Statement

Timothy plans to collect $n$ types of magic potions, numbered $1\sim n$, each of which has two forms: a red version and a blue version.

The way to obtain the potion is as follows:

• Direct purchase: Purchasing one bottle of the $i$th type of red version potion costs $a_i$ gold coins;
• Blending and Synthesis: If you already possess the red versions of the $b_i$th and $c_i$th potions, you can consume one bottle of each to blend and obtain the blue version of the $i$th potion. The blending process itself does not cost additional gold coins (as long as both raw materials are present).

Timothy doesn't care about the color, and only requires that he ultimately has at least one form (red or blue) of each of the $1\sim n$ potions. Please calculate the minimum total number of gold coins he needs to pay.

Input

Input an integer $n(1\leqslant n\leqslant 10^5)$ in the first line, representing the number of types of potions.

Input $n$ integers $a_1, a_2, a_3, \cdots, a_n (1 \leqslant a_i \leqslant 10^4)$ in the second line, representing the prices of directly purchasing one bottle of the $i$th type of red potion in sequence.

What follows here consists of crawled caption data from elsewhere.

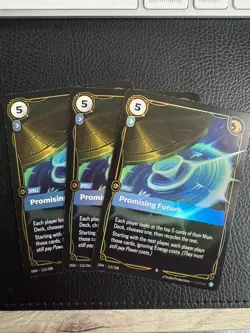Promising Future OGN 115/298 Rare Riftbound League of Legends 3 card playset - Image 1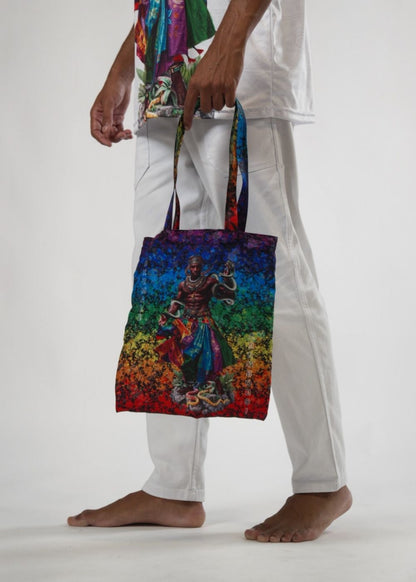 Ecobag Orixá Oxumarê Umbanda e Candomblé - Coleção Orum | Trajes de Luz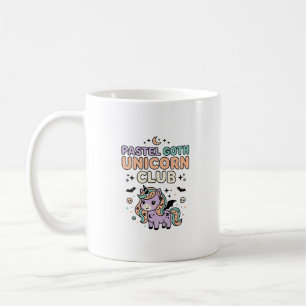 Caneca De Café Unicórnio Pastel Goth Unicórnio Clube Gráfico Mode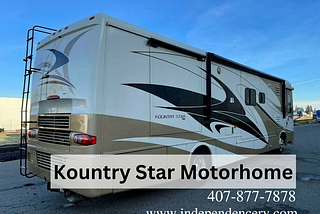 For Kountry Star motorhome for sale come to Independence RV!
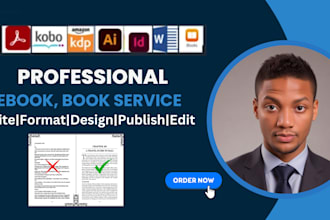 write edit format  design upload publish  book ebook on amazon kdp kindle lulu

Next, there are $n$ lines, and the $i$th line contains two integers $b_i,c_i(1\leqslant b_i,c_i\leqslant n)$ representing the IDs of the two red potions required to synthesize the $i$th type of blue potion.

Output

Output an integer representing the minimum number of gold coins required to obtain $n$ different potions.

Samples

5
2 4 10 1 3
2 3
4 5
1 2
2 5
1 4

16

An optimal solution:

• Purchase the $1st, 2nd, 4th, 5th$ red potions directly, costing $2+4+1+3=10$;
• Use $1$ red $2$ to prepare the $3$rd blue potion, costing $2+4=6$;

The final cost is $10+6=16$, satisfying the requirement of having different potions from $1\sim 5$.